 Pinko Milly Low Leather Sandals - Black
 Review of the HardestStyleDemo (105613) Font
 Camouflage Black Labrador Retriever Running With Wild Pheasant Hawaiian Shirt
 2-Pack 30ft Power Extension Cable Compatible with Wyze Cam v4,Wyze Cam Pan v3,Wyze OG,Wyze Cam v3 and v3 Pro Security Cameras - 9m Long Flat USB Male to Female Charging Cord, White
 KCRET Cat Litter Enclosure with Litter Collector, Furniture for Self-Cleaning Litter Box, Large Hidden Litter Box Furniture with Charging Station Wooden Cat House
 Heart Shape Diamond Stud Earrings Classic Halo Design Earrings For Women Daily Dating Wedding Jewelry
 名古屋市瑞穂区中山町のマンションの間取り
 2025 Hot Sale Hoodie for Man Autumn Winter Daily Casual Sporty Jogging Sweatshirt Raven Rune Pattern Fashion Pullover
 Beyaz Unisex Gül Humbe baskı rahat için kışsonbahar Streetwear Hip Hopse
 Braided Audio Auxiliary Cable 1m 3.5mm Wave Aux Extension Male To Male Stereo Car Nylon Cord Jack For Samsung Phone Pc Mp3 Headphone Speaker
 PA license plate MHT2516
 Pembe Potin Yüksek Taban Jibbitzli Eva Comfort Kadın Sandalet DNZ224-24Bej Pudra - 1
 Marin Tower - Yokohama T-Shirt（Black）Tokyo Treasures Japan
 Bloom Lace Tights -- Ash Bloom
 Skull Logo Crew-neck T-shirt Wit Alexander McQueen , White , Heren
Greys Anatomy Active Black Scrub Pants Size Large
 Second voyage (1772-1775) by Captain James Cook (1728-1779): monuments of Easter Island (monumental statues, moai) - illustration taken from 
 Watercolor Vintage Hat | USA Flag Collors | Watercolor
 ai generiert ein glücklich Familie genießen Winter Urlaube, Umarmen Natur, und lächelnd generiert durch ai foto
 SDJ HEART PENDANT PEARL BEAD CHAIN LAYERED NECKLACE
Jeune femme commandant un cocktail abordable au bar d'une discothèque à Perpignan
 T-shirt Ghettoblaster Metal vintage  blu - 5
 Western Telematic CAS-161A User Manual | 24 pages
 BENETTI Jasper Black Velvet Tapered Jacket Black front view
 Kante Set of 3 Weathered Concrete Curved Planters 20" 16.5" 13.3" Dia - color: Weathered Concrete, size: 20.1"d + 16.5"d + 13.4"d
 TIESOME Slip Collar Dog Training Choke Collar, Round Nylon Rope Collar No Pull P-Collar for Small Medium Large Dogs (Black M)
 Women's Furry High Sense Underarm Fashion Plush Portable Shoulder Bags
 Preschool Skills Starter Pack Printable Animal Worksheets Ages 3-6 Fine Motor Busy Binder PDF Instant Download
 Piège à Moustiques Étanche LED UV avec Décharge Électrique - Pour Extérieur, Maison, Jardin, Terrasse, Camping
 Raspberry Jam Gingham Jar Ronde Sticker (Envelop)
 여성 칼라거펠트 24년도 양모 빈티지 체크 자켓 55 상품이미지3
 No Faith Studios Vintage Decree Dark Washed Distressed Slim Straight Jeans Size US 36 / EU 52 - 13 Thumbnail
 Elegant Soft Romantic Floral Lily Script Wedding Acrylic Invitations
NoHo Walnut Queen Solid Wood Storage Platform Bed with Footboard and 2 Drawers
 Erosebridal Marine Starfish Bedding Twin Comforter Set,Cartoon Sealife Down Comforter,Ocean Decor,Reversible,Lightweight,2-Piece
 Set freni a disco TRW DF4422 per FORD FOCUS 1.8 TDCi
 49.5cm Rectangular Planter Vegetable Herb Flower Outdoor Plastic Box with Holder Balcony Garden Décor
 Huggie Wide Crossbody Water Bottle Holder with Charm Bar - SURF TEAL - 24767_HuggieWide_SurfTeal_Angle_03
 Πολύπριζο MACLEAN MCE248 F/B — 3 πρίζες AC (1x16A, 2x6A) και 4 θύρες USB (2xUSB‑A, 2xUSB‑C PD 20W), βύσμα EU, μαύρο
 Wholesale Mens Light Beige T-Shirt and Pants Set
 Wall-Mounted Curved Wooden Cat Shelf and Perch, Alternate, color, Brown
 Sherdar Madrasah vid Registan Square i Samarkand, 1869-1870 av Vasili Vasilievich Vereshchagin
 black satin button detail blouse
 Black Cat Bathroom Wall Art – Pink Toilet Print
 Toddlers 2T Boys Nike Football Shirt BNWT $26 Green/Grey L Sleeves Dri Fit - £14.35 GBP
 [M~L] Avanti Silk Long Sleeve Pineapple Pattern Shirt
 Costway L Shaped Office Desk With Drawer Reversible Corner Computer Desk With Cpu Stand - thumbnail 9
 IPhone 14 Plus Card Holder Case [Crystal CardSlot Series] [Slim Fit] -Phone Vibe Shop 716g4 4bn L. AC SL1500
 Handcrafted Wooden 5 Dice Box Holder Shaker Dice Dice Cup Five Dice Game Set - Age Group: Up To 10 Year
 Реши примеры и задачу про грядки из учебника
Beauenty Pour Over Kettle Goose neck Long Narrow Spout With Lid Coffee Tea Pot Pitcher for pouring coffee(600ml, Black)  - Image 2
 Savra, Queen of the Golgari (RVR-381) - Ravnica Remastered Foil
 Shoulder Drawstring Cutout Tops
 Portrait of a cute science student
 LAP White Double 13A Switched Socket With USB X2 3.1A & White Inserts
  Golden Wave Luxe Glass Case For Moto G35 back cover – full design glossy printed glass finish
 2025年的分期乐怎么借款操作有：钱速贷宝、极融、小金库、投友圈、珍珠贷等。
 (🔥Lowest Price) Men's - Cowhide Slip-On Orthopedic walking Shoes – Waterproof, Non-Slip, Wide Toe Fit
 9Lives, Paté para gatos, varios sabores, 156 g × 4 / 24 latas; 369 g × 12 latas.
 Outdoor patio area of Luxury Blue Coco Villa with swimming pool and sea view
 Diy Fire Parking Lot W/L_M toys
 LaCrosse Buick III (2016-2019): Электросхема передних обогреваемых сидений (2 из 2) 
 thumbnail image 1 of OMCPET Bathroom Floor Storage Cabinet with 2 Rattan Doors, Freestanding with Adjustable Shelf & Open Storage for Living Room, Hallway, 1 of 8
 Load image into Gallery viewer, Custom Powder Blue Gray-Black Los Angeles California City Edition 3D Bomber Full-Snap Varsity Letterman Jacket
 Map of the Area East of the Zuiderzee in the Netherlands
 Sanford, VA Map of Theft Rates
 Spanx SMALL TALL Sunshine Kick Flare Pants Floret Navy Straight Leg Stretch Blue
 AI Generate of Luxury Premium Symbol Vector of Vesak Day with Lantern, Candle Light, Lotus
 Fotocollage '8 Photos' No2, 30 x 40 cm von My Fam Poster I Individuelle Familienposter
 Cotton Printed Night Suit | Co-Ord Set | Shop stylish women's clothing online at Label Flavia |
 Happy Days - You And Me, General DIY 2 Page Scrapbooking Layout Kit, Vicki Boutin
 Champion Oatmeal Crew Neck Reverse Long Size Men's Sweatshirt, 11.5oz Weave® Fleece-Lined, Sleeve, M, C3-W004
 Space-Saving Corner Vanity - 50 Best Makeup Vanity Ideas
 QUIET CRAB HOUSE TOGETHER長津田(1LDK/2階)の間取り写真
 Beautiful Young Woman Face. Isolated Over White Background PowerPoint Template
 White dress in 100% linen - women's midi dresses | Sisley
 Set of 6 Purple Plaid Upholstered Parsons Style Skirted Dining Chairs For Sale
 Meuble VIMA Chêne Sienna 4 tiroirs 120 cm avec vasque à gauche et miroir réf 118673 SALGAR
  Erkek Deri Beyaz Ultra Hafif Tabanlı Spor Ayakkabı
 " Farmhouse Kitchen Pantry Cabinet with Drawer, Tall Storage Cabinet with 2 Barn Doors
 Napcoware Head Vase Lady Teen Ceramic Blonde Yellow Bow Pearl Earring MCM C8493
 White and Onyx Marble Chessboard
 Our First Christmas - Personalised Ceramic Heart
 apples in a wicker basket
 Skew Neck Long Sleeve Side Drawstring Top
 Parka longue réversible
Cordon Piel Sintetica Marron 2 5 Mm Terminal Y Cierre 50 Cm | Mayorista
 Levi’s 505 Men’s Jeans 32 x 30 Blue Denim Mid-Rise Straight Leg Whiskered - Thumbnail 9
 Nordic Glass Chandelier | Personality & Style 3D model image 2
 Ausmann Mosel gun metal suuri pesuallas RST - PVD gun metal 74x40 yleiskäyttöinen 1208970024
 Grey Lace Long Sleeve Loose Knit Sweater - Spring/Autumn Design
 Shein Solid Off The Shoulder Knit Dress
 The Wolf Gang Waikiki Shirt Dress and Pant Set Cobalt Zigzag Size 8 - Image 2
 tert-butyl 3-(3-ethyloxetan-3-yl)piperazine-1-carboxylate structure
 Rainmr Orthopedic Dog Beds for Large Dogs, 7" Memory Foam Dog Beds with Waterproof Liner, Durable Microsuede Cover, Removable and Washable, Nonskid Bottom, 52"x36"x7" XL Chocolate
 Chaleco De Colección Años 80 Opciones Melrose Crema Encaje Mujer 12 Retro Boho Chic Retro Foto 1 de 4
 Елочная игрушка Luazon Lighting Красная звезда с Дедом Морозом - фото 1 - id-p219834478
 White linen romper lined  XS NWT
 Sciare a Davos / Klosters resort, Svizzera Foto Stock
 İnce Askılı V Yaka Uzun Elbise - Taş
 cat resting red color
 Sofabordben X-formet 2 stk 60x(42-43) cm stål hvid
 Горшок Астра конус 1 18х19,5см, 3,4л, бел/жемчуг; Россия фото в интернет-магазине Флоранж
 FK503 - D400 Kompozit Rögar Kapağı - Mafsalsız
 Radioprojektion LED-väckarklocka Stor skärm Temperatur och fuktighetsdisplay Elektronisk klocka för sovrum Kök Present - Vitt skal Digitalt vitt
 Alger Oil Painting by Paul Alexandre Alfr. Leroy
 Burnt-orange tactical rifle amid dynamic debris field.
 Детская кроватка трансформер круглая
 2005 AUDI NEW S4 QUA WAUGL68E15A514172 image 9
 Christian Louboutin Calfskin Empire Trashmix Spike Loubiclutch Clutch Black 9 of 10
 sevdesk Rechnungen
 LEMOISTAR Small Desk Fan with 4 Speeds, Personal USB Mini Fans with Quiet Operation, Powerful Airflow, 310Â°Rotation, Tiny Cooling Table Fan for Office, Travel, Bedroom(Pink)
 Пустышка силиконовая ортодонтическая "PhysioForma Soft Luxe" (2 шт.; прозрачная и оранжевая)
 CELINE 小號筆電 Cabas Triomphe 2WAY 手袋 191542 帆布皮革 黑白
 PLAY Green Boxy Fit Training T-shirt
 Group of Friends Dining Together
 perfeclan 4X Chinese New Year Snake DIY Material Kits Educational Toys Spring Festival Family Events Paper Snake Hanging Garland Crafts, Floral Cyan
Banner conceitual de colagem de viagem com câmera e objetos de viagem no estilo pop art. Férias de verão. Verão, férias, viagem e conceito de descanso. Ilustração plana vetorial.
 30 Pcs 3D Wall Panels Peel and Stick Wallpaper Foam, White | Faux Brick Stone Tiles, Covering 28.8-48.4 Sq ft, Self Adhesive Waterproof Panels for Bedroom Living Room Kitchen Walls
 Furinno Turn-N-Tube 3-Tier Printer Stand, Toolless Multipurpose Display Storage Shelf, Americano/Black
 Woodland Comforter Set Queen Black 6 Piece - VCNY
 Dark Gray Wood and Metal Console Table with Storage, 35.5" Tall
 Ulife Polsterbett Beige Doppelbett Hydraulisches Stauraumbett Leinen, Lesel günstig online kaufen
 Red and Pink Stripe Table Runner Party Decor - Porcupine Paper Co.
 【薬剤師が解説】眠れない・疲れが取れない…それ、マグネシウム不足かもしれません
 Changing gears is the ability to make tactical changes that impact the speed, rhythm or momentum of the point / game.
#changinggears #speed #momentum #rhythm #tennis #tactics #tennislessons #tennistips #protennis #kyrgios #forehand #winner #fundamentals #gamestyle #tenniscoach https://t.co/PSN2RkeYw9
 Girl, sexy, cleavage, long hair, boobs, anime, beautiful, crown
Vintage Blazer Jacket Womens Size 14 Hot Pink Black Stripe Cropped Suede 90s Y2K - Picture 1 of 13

Exercise | Copy out, exactly and alone, the lines of the entries above between the ones holding "Erosebridal Marine Starfish" and "9Lives, Paté para", inclusive.

Worked solution |
 Erosebridal Marine Starfish Bedding Twin Comforter Set,Cartoon Sealife Down Comforter,Ocean Decor,Reversible,Lightweight,2-Piece
 Set freni a disco TRW DF4422 per FORD FOCUS 1.8 TDCi
 49.5cm Rectangular Planter Vegetable Herb Flower Outdoor Plastic Box with Holder Balcony Garden Décor
 Huggie Wide Crossbody Water Bottle Holder with Charm Bar - SURF TEAL - 24767_HuggieWide_SurfTeal_Angle_03
 Πολύπριζο MACLEAN MCE248 F/B — 3 πρίζες AC (1x16A, 2x6A) και 4 θύρες USB (2xUSB‑A, 2xUSB‑C PD 20W), βύσμα EU, μαύρο
 Wholesale Mens Light Beige T-Shirt and Pants Set
 Wall-Mounted Curved Wooden Cat Shelf and Perch, Alternate, color, Brown
 Sherdar Madrasah vid Registan Square i Samarkand, 1869-1870 av Vasili Vasilievich Vereshchagin
 black satin button detail blouse
 Black Cat Bathroom Wall Art – Pink Toilet Print
 Toddlers 2T Boys Nike Football Shirt BNWT $26 Green/Grey L Sleeves Dri Fit - £14.35 GBP
 [M~L] Avanti Silk Long Sleeve Pineapple Pattern Shirt
 Costway L Shaped Office Desk With Drawer Reversible Corner Computer Desk With Cpu Stand - thumbnail 9
 IPhone 14 Plus Card Holder Case [Crystal CardSlot Series] [Slim Fit] -Phone Vibe Shop 716g4 4bn L. AC SL1500
 Handcrafted Wooden 5 Dice Box Holder Shaker Dice Dice Cup Five Dice Game Set - Age Group: Up To 10 Year
 Реши примеры и задачу про грядки из учебника
Beauenty Pour Over Kettle Goose neck Long Narrow Spout With Lid Coffee Tea Pot Pitcher for pouring coffee(600ml, Black)  - Image 2
 Savra, Queen of the Golgari (RVR-381) - Ravnica Remastered Foil
 Shoulder Drawstring Cutout Tops
 Portrait of a cute science student
 LAP White Double 13A Switched Socket With USB X2 3.1A & White Inserts
  Golden Wave Luxe Glass Case For Moto G35 back cover – full design glossy printed glass finish
 2025年的分期乐怎么借款操作有：钱速贷宝、极融、小金库、投友圈、珍珠贷等。
 (🔥Lowest Price) Men's - Cowhide Slip-On Orthopedic walking Shoes – Waterproof, Non-Slip, Wide Toe Fit
 9Lives, Paté para gatos, varios sabores, 156 g × 4 / 24 latas; 369 g × 12 latas.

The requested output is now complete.